Posted on • Originally published at Medium

Don't tell me how, tell me why!

Is it clear this is about comments? If not, wouldn’t it be better if the title were “Comments: Don’t tell me how, tell me why!”?

This is a problem we see everywhere. There are comments that without any context mean nothing. Others you would need to read the whole code (or article) to figure out the meaning and even then it might be misleading or just outdated.

This should probably apply to most cases, but you really want a clear, clean code that anyone can read and figure out what's happening.

That is unless you really need some less readable, more complex code for any reason (usually because of performance). In this case, then please do comment on what is happening and how. But also do…

Comment the WHY!

Why are you using less readable code?

Why shouldn’t I change the order of something?

Why is this here?

Why was this used instead of XYZ?

Depending on what you’re doing, your level, and that of your colleagues, something commonplace for one would be rocket science to another. This is not what this is about.

If you have to revisit the code the next month, you should know what the code is doing by reading it. The thing is: why is that here?

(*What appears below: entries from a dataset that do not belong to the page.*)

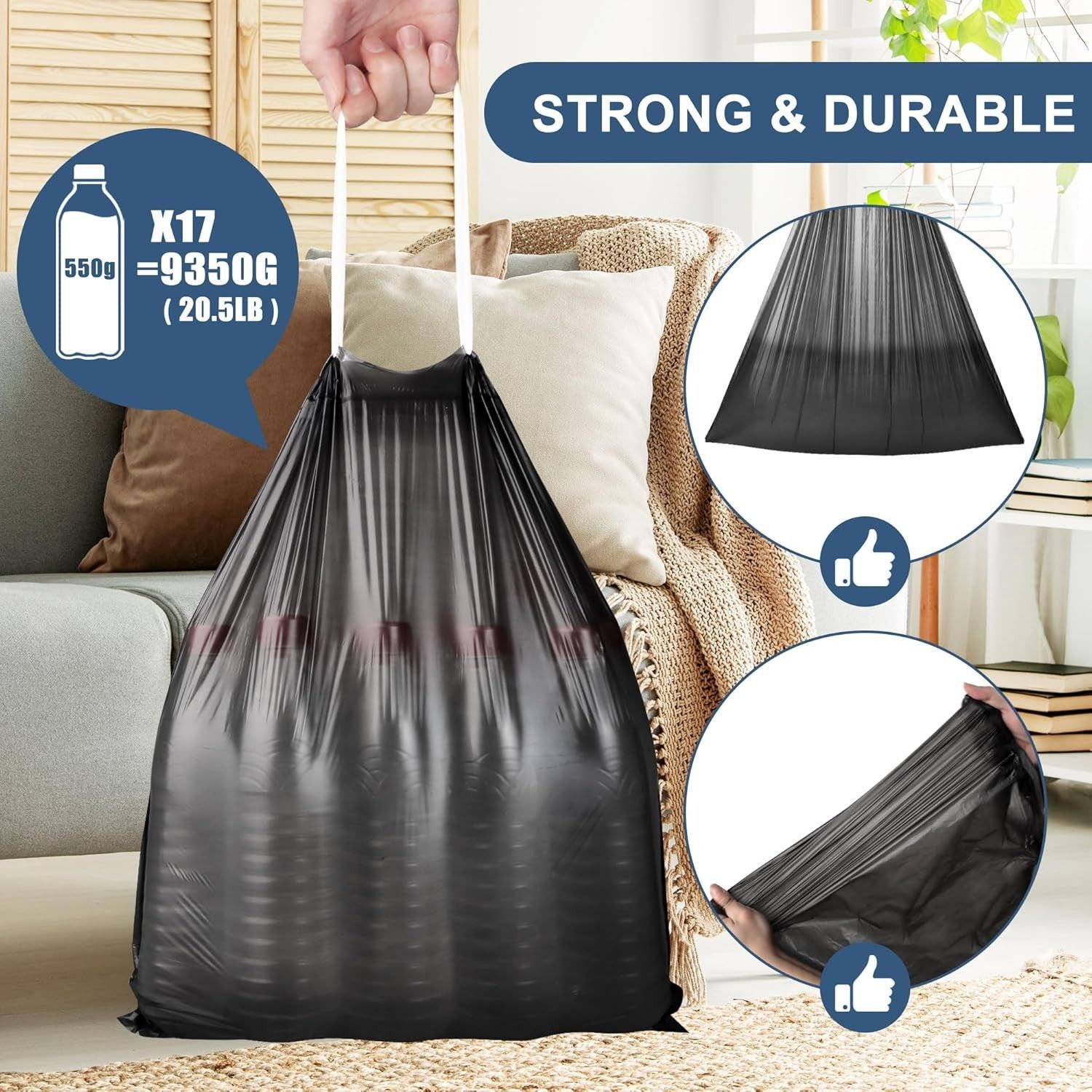 Mugwort mosquito repellent garbage bags, household hand-held drawstring bags, kitchen thickened medium and large-sized tear-free extra thick cleaning bags undefined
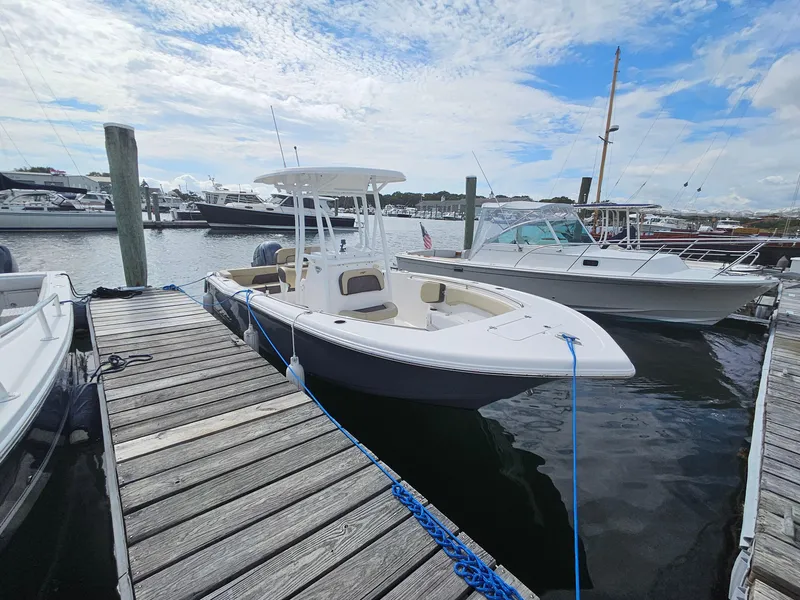 Slide: The Image of 2019 Tidewater 220 LXF boat docked at marina under cloudy sky. - 4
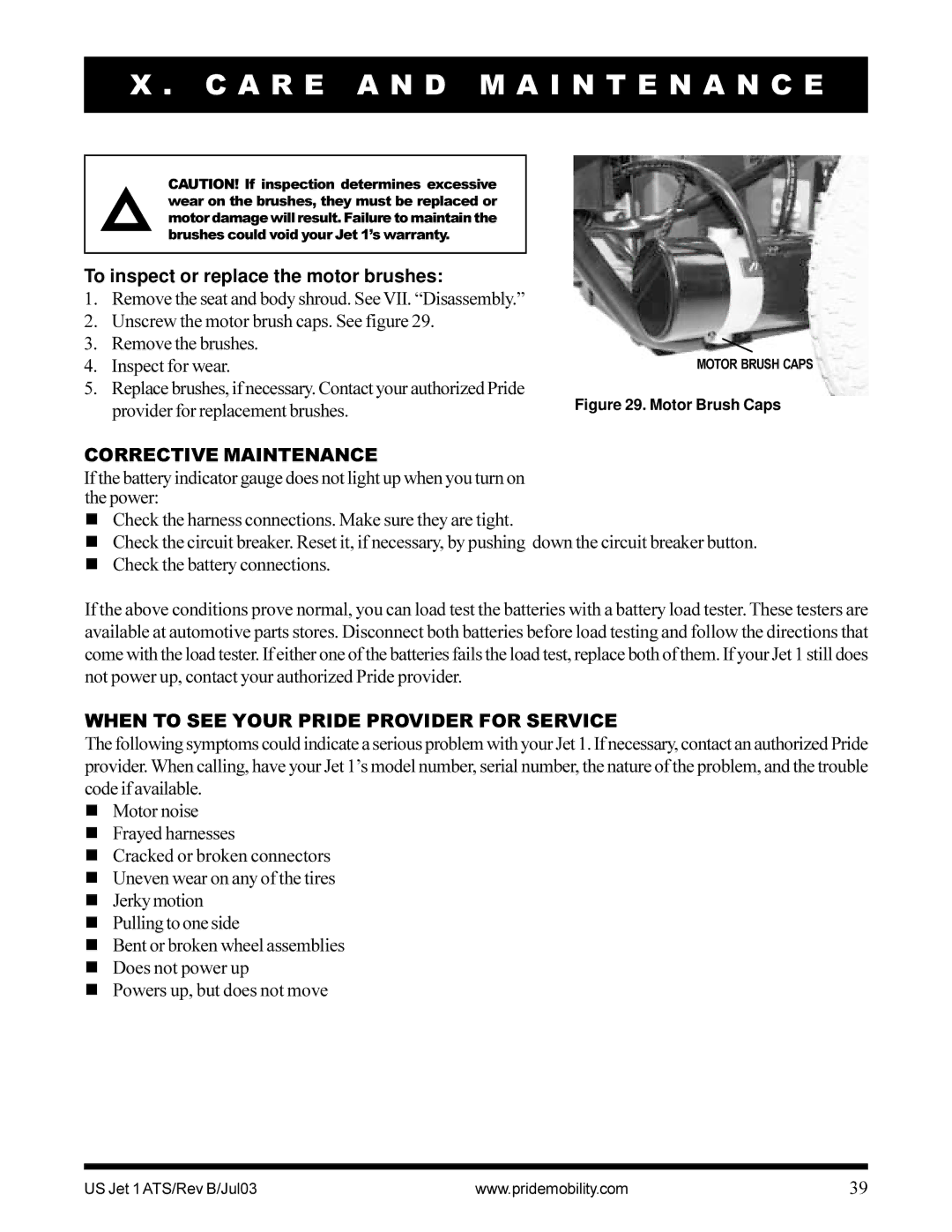 Pride Mobility Jet 1 owner manual To inspect or replace the motor brushes, Corrective Maintenance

Some pieces can be self-explaining like transformXtoY but why and where should I do that?

I’m also not saying to put a “why” everywhere, but if you revisit the code and spend time figuring out something, or if even after refactoring it someone is always confused about something… then yes, add a “why”.

Not only that, Pull Requests are a great source to find some of those places that need commenting on the “why”.

On the PR someone asked why you did something?

Don’t just tell them! Not only that, don’t do it outside the PR and call it a day.
Refactor the code, add the comment of why it’s there, and then every time someone revisits that piece of code it will be there the why.